Are you wondering about my cure for when life sucks?  Well, it may not work for you.  In fact, you might even break out into hives at the thought.  If that’s the case, it’s your problem, and I’m sorry for you.  But my balm right now, my sustenance, is this:  Avoid adults.  I’m dead serious.  I’ve decided I prefer the company of children anymore, and maybe I always have.
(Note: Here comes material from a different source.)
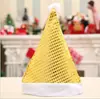 Gorros de Navidad Transfronterizos con Lentejuelas para Niños y Adultos, Gorros de Papá Noel con Copos de Nieve Dorados, Gorros de Fiesta, Decoración Ambiental y Disfraces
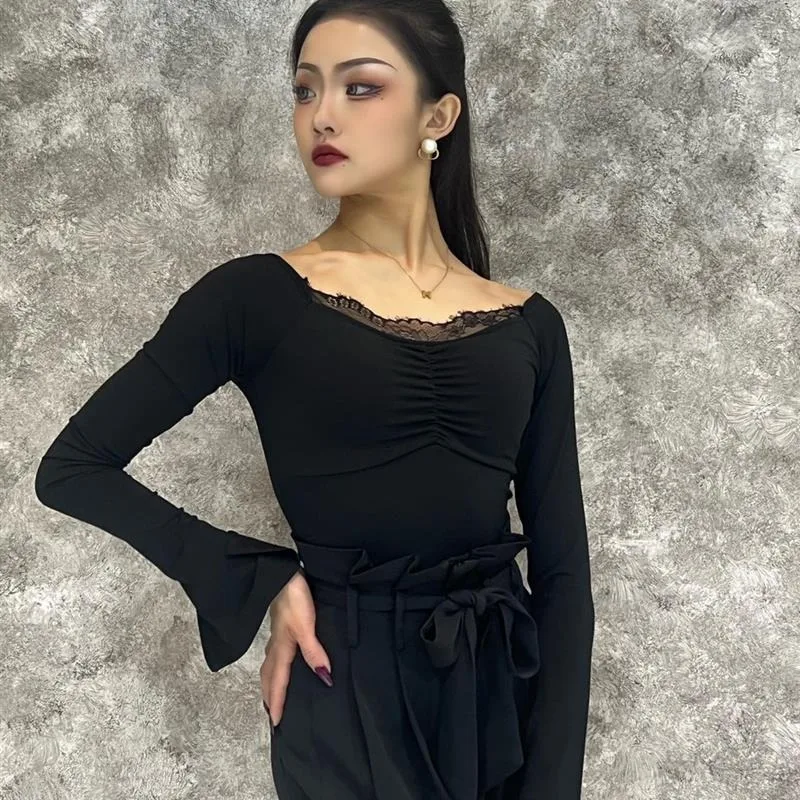 customized Latin dance bodysuit with black floral bud pants wide leg pants women's lace edge long sleeved top for two outfits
They are incapable of bullshit, they don’t know or understand politics, and maybe most importantly, they make me laugh or cry, depending on the circumstance.

The last couple of weekends have been spent in the presence of four different young girls, each of them as unique and beautiful as the snowflakes I wish would reappear.  And I couldn’t get enough of them; of their sweet, innocent conversations and overwhelming politeness, their clear, youthful faces and most of all, their honesty.  In one instance, the girls are daughters of our friends, and we were skiing.  Afterward, I colored with them (YES! How I miss coloring!), and played tic-tac-toe, and Hangman, and there were belly laughs all around.  Oh, how I need this now, I thought.

And then there was a dinner this past weekend, which included people my husband works with.  Some of them brought their kids, two girls  who sat at the end of the table.  I asked John to switch seats with me so I could talk to them, because I always feel bad for the kids who get dragged to adult/parent events. I didn’t regret it either, because sure enough one of the spouses began bitching about their job (with kids!) and another was on about the joy (not) of working in a high school lunchroom, which included the power of granting detention.

Jesus Christ, I think.  Don’t. Get. Me. Started. On this subject, of Nazi-like adults loving to wield power over helpless kids.  This is where I check out, turn my chair, and start actively engaging the girls in conversation, and it was wonderful.  I pay more attention to eleven year old Ashley, because she doesn’t have an electronic device, and she is answers all my nosy questions with eagerness.  She tells me art is her favorite class, (big surprise), and her current task is drawing her “dream bedroom.”  I ask what that would entail, but she says it’s a brand new assignment and she still has to think about it.  I tell her I’m a writer, which is something I don’t openly admit, because to my ears it still sounds imposter-ish, but I know I will be safe in revealing it to her.  And I am right.  Her face brightens at this, and she tells me of a ‘personal narrative” she had recently completed.  We chat some more, and she notices her mother is not at her chair.  Her dad tells her that mom is outside to get some fresh air, that she’s not feeling well, and because she is eleven and a girl, she’s worried and asks to go see her.  She is clearly relieved when her mom is okay, and my throat closes up watching her.

Children are our hope, and our future.  We know this, logically, but we don’t give them the credit or the respect they deserve.  They are also central to the book I’m writing, and for this reason alone I will keep plugging through. I know that my strongest passages involve characters that are children, so it may mean I have to expand on this strength. Wish me luck, friends, that I can do them justice on the printed page.

And may the things that suck right now for you, every day be a little less sucky. Sometimes, life has to be measured by those kind of increments.